Sometimes the parents connive to see us in states of undress. “Can you imagine that Drew wanted a bikini-themed pool party for his third birthday?” a mom asked us, eyes wide as saucers and completely guileless. The dad – her husband – was standing behind her, giggling. It was his habit to giggle, more or less constantly, whenever he was inside the school. In the colder months he’d turn his head into his coat and giggle inside his London Fog.

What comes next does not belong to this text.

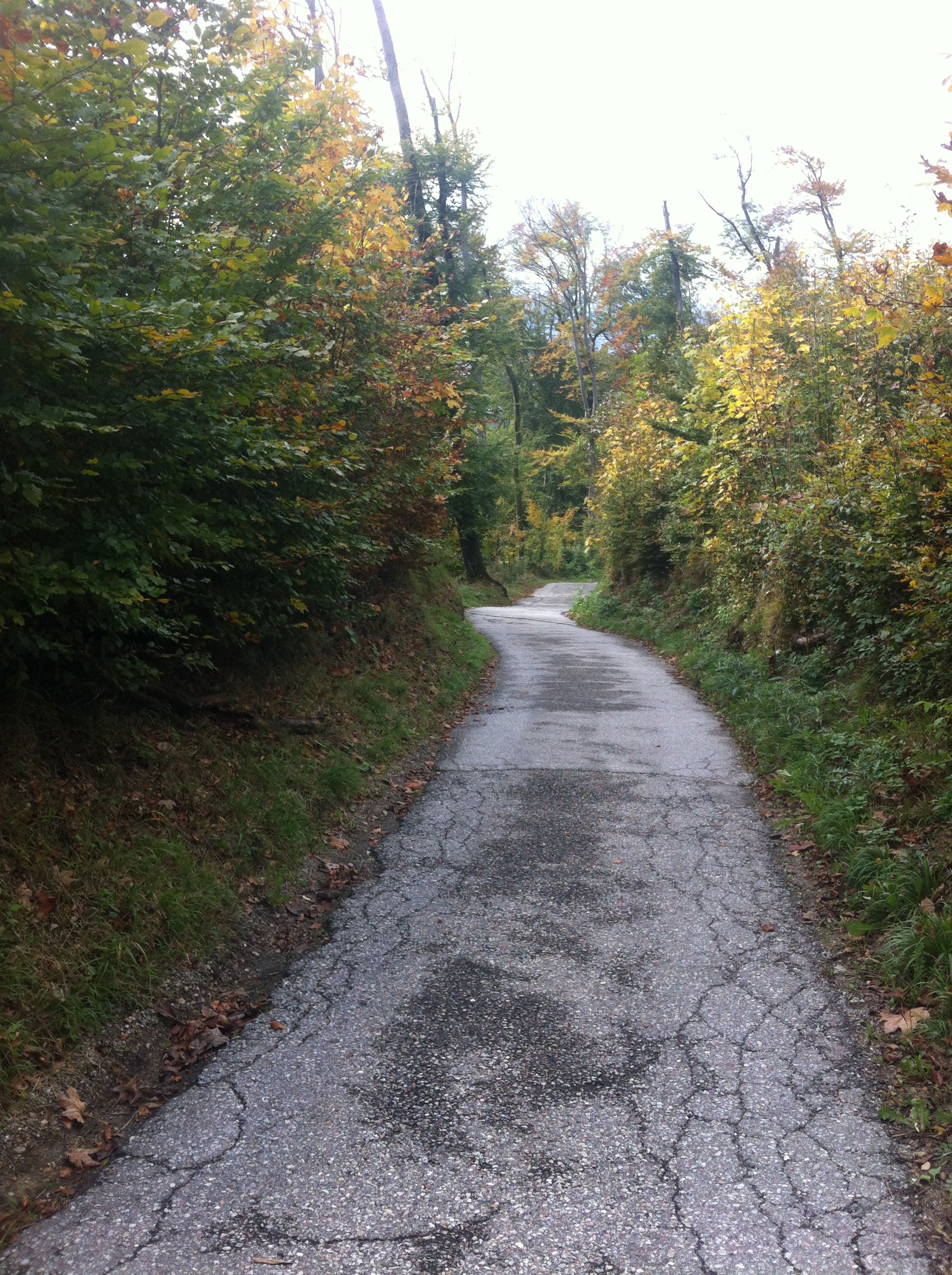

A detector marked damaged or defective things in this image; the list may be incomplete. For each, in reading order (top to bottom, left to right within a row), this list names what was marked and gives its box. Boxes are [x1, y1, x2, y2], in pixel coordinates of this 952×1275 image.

cracked asphalt road [5, 578, 928, 1275]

I took Drew aside after they’d left. “Do you know what a bikini is?” I asked him gently, on my knees and his level. He cocked his head to one side, considered, and nodded. “It goes ka-kaww!” he shrieked. (If you’re wondering, no, he was not a weird child. He was an exceptional student and a mediocre artist. For his fourth birthday party he insisted on a cowboy party. His father wore a ten gallon hat, stood next to the ponies for the duration, and giggled into a fringed vest.)

Señor Jeggings

“Sometimes I feel bad for the parents,” I told my masseuse as she worked out knots on my back, knots worthy of – oh, I don’t know – an accountant who also happened to harbor a lifetime of repression. Anyone who pulls the label off beer bottles. Those. “Because they’re old?” “No – well – they’re not all old. Some are young. There’s a hot dad. The moms even named him ‘Hot Dad.’ ”

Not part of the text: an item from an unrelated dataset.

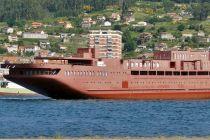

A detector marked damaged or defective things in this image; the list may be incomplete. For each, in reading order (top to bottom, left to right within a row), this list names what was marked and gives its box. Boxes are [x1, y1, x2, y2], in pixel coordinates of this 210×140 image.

rusty steel hull [3, 75, 210, 100] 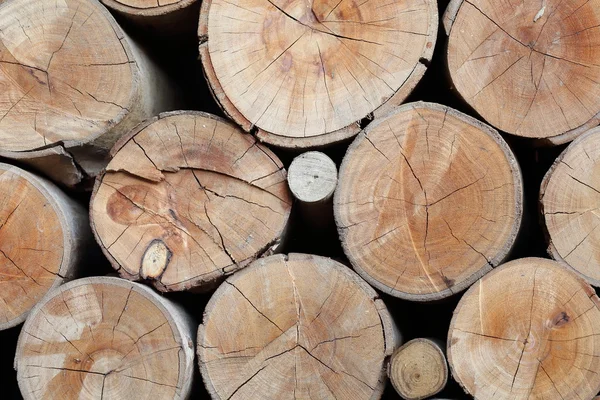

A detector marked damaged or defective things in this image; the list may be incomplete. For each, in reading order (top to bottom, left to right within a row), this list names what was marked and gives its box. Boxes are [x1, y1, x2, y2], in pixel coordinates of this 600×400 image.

She stopped to laugh and ask me where my daycare was, exactly. I told her nevermind the hot dads, we were talking about the ones worthy of sympathy. The one who wears jeggings, for example. “Is he a hipster? Are they purple crayon jeggings?” she asked. “No, no, his wife buys them for him. I caught the other parents trying to decide on an unfortunate nickname (something like Señor Jeggings), so I – ” “Wait, wait, I’m lost. This man wears clothing his wife buys him?” she seemed genuinely confused. “Well, yeah, married guys do that.” Single guys have sister-gifts and mom-gifts, but I wanted to keep it simple.

“But why would they wear what a woman buys them? Are you saying that once men get married – pouf! – they lose their minds and become these, like, automatic slaves?” I was glad to be face down. I didn’t have to display any sort of facial expression. “No, well, I mean, I think men like to find clothing. On their bed for example. No shopping trip necessary. Like a fairy left it.” (My explanation would have been better were I not horizontal, mid-rub.) “Oh, a fairy! Yes, you Americans believe in fairies until quite late in life, no?” I took a deep breath. “Well, the thing is, Skye, that, we . . . don’t believe in them that long. There are . . . limits – ” She cut me off with a new idea. “Or is just everyone you know an idiot?”

But really her hands are genius. The knots were gone when I left.